Thursday 25 October 2007

Cley revisited

It's always a bonus when work takes me over to Norfolk, and yesterday was no exception. We called in at Cley Marshes Reserve, run by Norfolk Wildlife Trust, to see what was around.
Down on the beach, it was predictably windy and cold, but the easterlies hadn't blown in any unusual European or Scandinavian migrants. A juvenile Gannet flashed past, and a Red-throated Diver, but otherwise it was just the gulls and, on the far side of the wonderfully ramshackle cafe, a field full of Brent Geese and a single Curlew. A flock of Golden Plovers shimmered overhead a couple of times, but we didn't stick it too long before the lure of the new visitor centre and a cheese and ham toastie grew too great.
It really is a great building, blended well into the low ridge on the far side of the coast road, and constructed to make as low an environmental impact as possible. The food, all locally sourced, is good too, but the best thing about it is that you can eat it while looking out over the marshes through huge windows. Marsh Harriers skimmed the reeds as we ate, and small groups of Black-tailed Godwits made their way inland (presumably to feed, although I've never seen that at Cley before).

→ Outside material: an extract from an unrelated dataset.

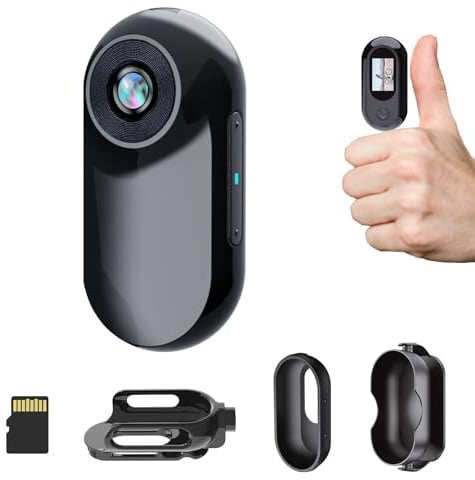 HOFAOUG 1080P HD Mini Action Cam,Integrierte 32GB Speicherkarte Bodycam Körperkamera Mini,Daumengröße Helmkamera Motorrad,Für Arbeit,Reise, Radfahren-Schwarz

Afterwards, we went to the main hide, to watch more harriers, plus a good assortment of wildfowl and waders, then on to Salthouse Marshes, where a little flock of eight Turnstones landed practically at our feet. They're always engaging, entertaining little birds, and after a quick bustle around, they departed to further down the shingle, calling as they went.
Cley is reputedly the most birdwatched parish in the UK, but once you're out on the shingle, looking back inland, you can't help noticing the three great wool churches of Blakeney, Cley and Salthouse (and there are more inland). They dominate the skyline, looking totally out of scale with their surroundings, a reminder of a time when Norfolk was both the most densely populated and the richest part of England. Now they look like ships, thrown up onto the land by a great storm, and stranded for good.